Tuesday, 9 January 2018
Exhibit Hall 3 (ACC) (Austin, Texas)
Diurnal cycle (DTC) of land surface temperature (LST) plays a vital role in the study of land-atmosphere interactions, climate change and hydrological cycle. DTC is influenced by solar insolation, wind, and land surface thermal properties, and is indicative of vegetation and soil moisture conditions. Knowledge of diurnal variations are also critical in the study of epidemiology, agriculture, urban heat island effects, and varying demands on energy consumption. There have been several physically-based approaches which use thermal infrared measurements from remote sensing satellites and a combination of harmonic and exponential decay functions to model daytime and night time DTC. But such models are applicable only over clear-sky conditions.
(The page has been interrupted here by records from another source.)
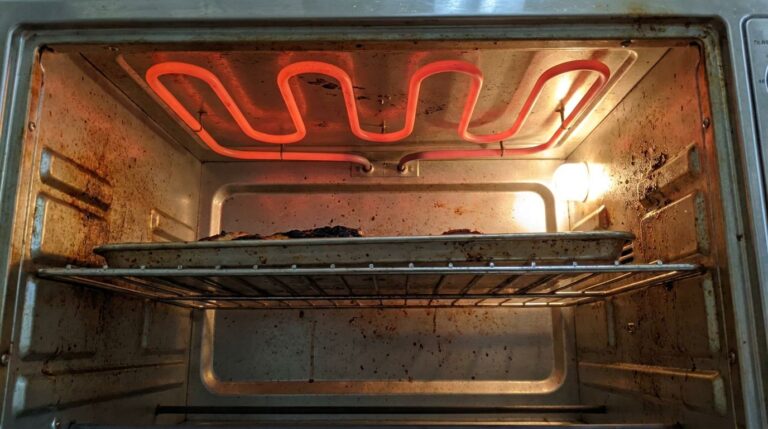 Oven Broiler Not Working? Causes and How to Fix It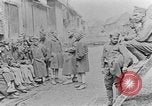 Standbild USA Soldaten europäische Theater, 1918, aus Sekunde 39 historischem Filmmaterial Videoclip 65675048776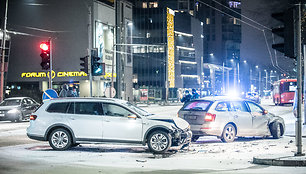 Plikledžio spąstai klupdo vairuotojus: pasipylė avarijos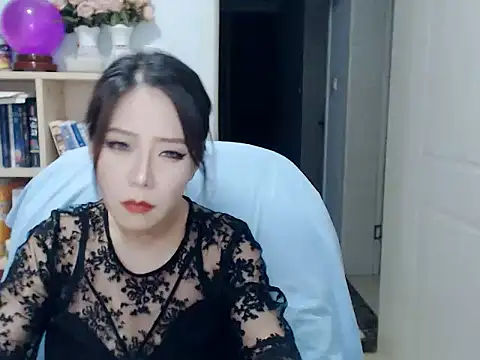 SuSushi728 stripchat live cam model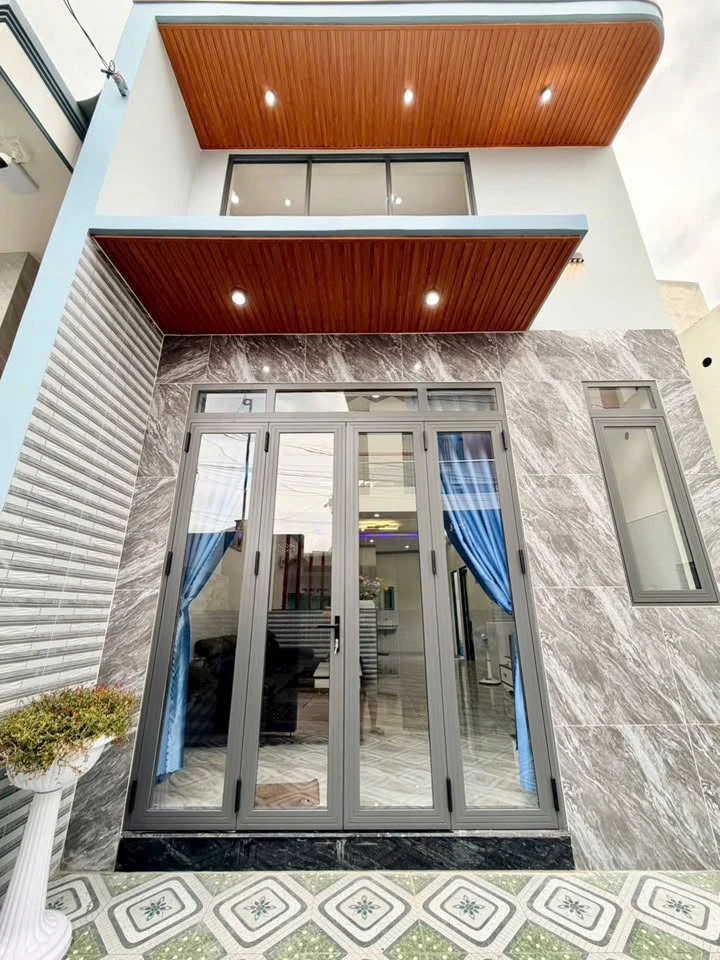Bán nhà gác lửng 3PN hẻm xe hơi 89m2 Phường Tân Phong, gần GX Thuận Hòa - Ảnh thu nhỏ 2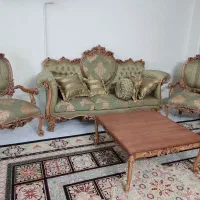 مبل و میز ناهارخوری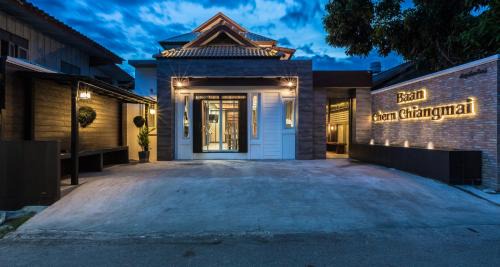 Old City House | Kid-Friendly Stay at Baanchernchiangmai Hotel, Rated 8/10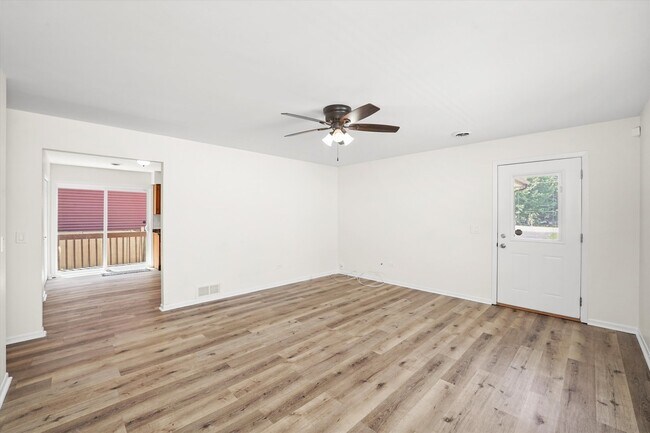 Foto del edificio - 35763 N Wilson Rd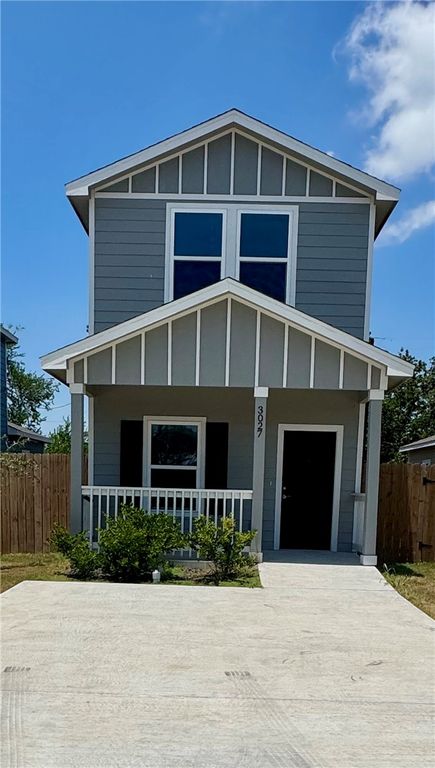 3025 Sabinas St, Corpus Christi, TX 78405 — exterior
In the present study, we employ data on surface-absorbed solar radiation from a companion study and the time series of daily maximum/minimum temperatures to reconstruct the full diurnal cycle. Surface solar absorption is the key driver of LST and in situ observations reveal that the two are correlated linearly in each of the ascending and descending legs of the solar diurnal cycle under almost all sky conditions. This approach will be demonstrated employing in situ data from the NOAA’s Surface Radiation Network (SURFRAD), and US Climate Reference Network (USCRN) sites. This strategy can be applied to the new 5 km gridded daily nClimDiv dataset that is being produced at NOAA.